P2P night before dawn

Fortunately, the relevant departments are stepping up the supervision of P2P, the State Council has decided to take the lead by the China Banking Regulatory Commission to undertake research on P2P regulation. It is reported that the relevant regulatory details will be introduced in the second half, on the one hand is to strengthen the platform intermediary nature, and the other is to avoid the platform's own security functions, the third is to prevent the emergence of capital pool, and the fourth is the provisions of illegal fund-raising boundaries.

And when the relevant rules out, shuffle or inevitable, a big wave of P2P loans will be closed down after the introduction of the New Deal, which may also be tempted to some P2P platform in advance "cash" leave the reason. According to a researcher's data, the scale of China's P2P network loans will reach one trillion yuan (105.8 billion P2P network loan market in 2013). The huge release of the eruption market and attractive tempting cakes also attract Various types of business participation.

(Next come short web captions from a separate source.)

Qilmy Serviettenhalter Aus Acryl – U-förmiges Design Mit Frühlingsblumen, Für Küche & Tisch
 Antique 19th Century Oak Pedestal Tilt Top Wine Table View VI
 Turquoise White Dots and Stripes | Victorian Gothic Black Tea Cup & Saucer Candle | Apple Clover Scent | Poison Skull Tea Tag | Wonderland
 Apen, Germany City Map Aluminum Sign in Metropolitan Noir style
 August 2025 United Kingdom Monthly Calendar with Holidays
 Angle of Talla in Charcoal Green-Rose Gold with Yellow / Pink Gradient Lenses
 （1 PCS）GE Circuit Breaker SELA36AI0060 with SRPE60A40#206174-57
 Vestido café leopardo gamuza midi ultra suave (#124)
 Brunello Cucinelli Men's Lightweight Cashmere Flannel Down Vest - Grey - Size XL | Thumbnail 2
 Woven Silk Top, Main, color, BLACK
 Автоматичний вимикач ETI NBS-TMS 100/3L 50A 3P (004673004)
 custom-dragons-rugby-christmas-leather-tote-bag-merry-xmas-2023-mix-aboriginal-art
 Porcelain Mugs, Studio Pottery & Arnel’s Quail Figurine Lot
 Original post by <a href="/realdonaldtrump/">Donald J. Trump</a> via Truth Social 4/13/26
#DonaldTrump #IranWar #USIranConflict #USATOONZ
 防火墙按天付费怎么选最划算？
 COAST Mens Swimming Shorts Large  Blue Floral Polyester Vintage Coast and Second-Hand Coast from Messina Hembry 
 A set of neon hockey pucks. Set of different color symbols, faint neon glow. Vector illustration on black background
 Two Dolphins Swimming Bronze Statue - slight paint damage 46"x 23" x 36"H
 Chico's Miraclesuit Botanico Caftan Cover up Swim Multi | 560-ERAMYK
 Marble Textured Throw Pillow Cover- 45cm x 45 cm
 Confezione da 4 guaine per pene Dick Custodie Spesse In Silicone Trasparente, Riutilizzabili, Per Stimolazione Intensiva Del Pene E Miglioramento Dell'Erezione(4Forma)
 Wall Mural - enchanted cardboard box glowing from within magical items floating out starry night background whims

The established financial institutions have reached the market for P2P net loans in the past two years. Both the fund supervision and risk control capabilities, as well as the capital operation and reserve funds, are superior to the current "pure Internet companies." In the long run, these traditional financial enterprises P2P network loan business, more sustainable development.

Further, with the issuance of P2P licenses in the afternoon market, the competition of several major P2P platforms will be upgraded, and the P2P industry will launch a brand new war on brands and marketing. And now more like the night before dawn, a little careless will be engulfed by the night, get through is a better tomorrow. Of course, those who do not clean the business, even if the current white wash, but also escape the nightmare was eliminated.

Finally, said the good news of P2P industry, foreign P2P lending platform Lending Club to be proposed in the near future IPO, its valuation is even up to 4 billion US dollars, which gives chaos in the Chinese P2P market, hit a shot. It is foreseeable that with the listing of Lending Club, there will be a number of peer-to-peer lending platforms that can be financed by new funds. This is particularly important in the ensuing competition. This is also the only possibility for grassroots P2P entrepreneurs to counter the giants.